* DIRECTIONS
Your task is to return the listing below word for word, without any of its images.

(TASK INPUTS begins)

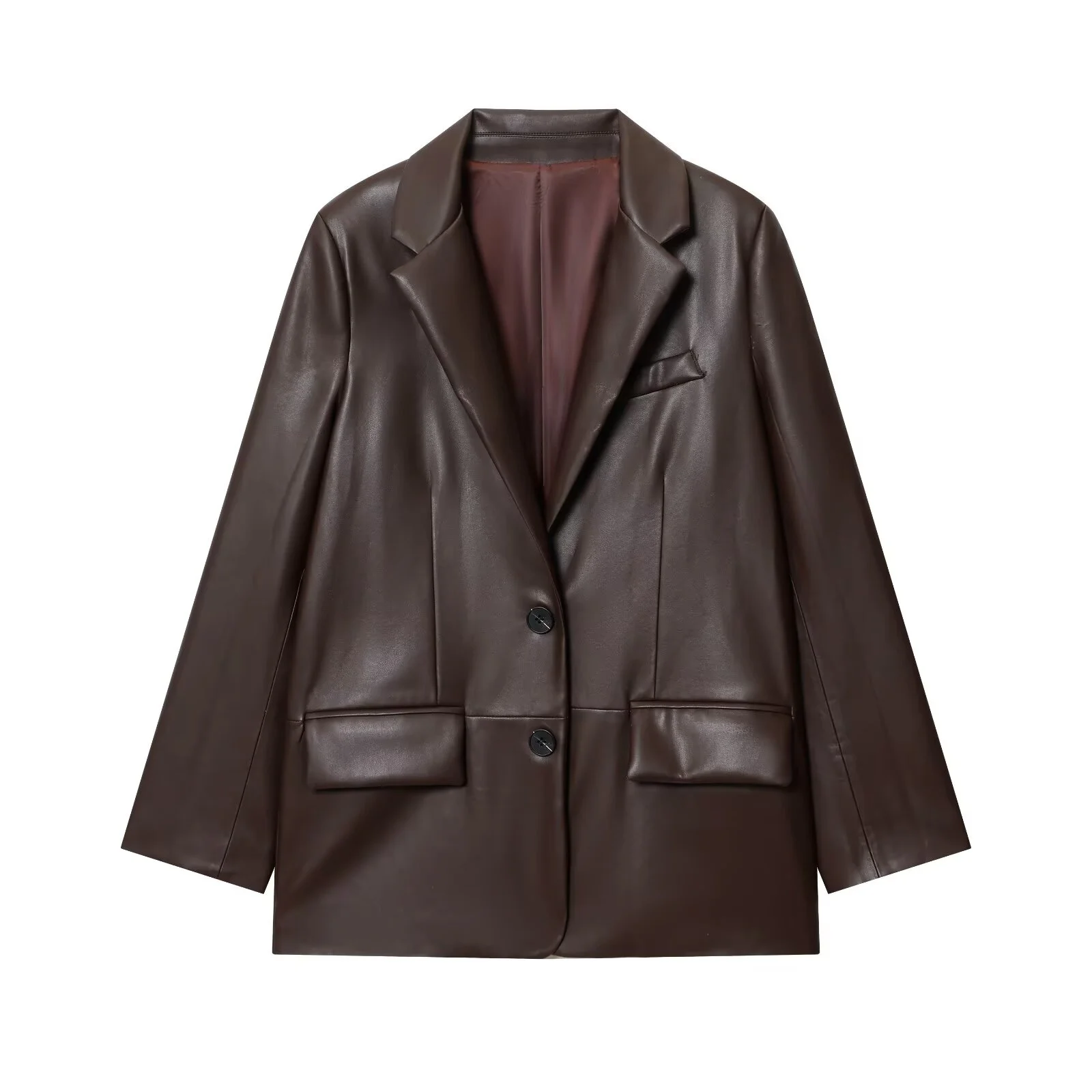 Veste de costume en simili cuir pour femme, rétro, décontractée, mode, tempérament, simple, droite, nouvelle collection automne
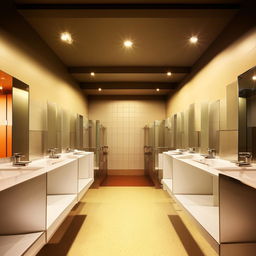 Image of a clean, well-lit public restroom with a white ceramic toilet, metallic stall dividers, and tiled floors.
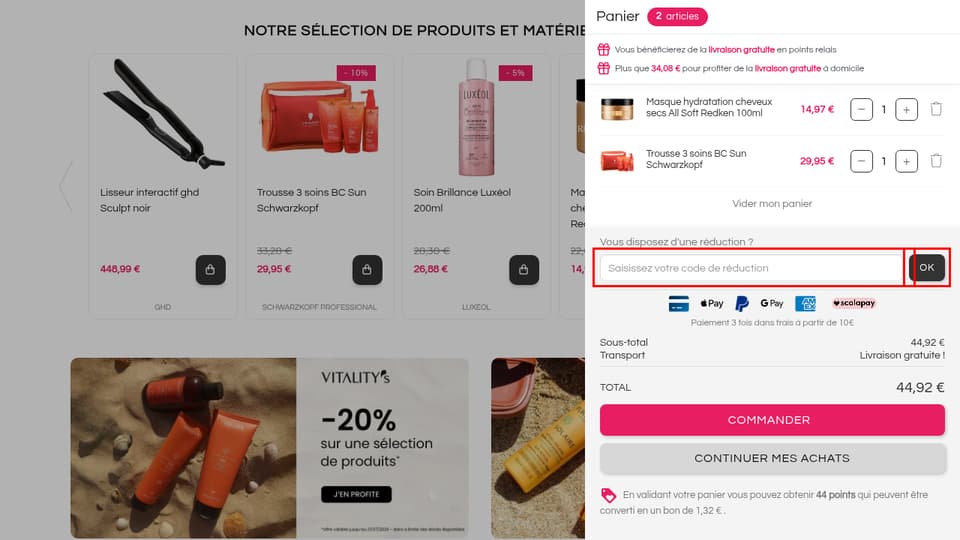 Beauty Coiffure checkout page showing the Saisissez votre code de réduction field and ok button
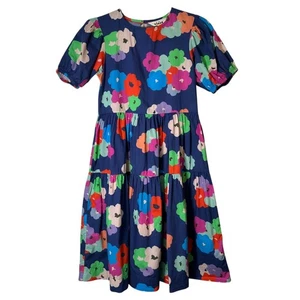 Mini Boden Dress Girls Size 13-14Y Floral Tiered Puff Sleeve Girly Summer Preppy - Picture 1 of 14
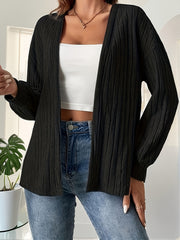 Casual Cardigan Women's Solid Open Front Long Sleeve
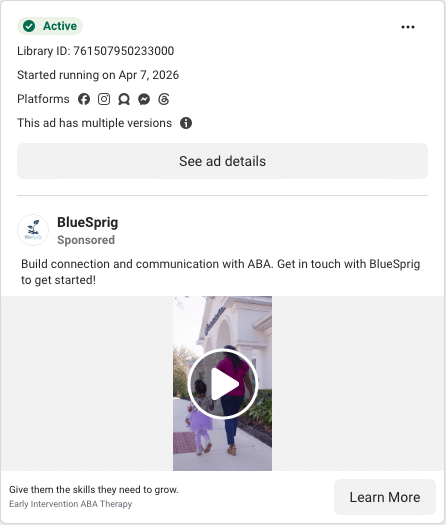 BlueSprig Facebook ad running in Florida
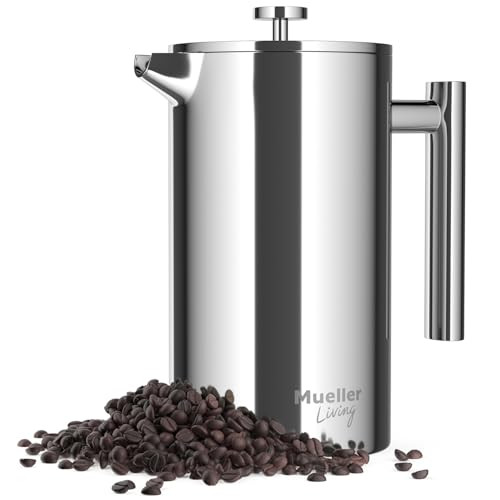 MuellerLiving French Press Coffee Maker 34oz Stainless Steel French Press Coffee 4 Filter Heat Resistant Double Insulate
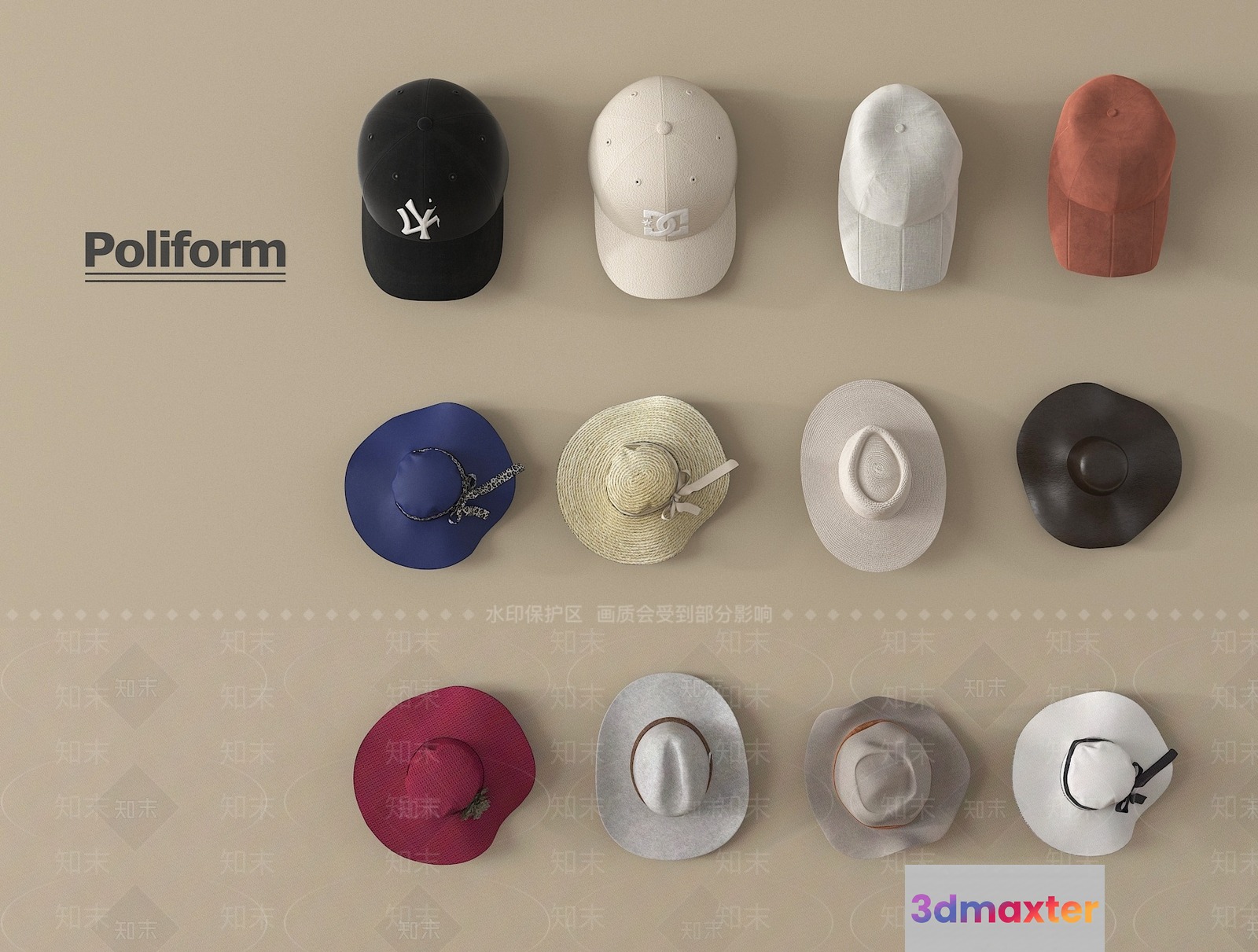 A Collection Of Hats 3D Model - 13710 - VRAY Render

(TASK INPUTS ends)

* ANSWER SECTION
 Veste de costume en simili cuir pour femme, rétro, décontractée, mode, tempérament, simple, droite, nouvelle collection automne
 Image of a clean, well-lit public restroom with a white ceramic toilet, metallic stall dividers, and tiled floors.
 Beauty Coiffure checkout page showing the Saisissez votre code de réduction field and ok button
 Mini Boden Dress Girls Size 13-14Y Floral Tiered Puff Sleeve Girly Summer Preppy - Picture 1 of 14
 Casual Cardigan Women's Solid Open Front Long Sleeve
 BlueSprig Facebook ad running in Florida
 MuellerLiving French Press Coffee Maker 34oz Stainless Steel French Press Coffee 4 Filter Heat Resistant Double Insulate
 A Collection Of Hats 3D Model - 13710 - VRAY Render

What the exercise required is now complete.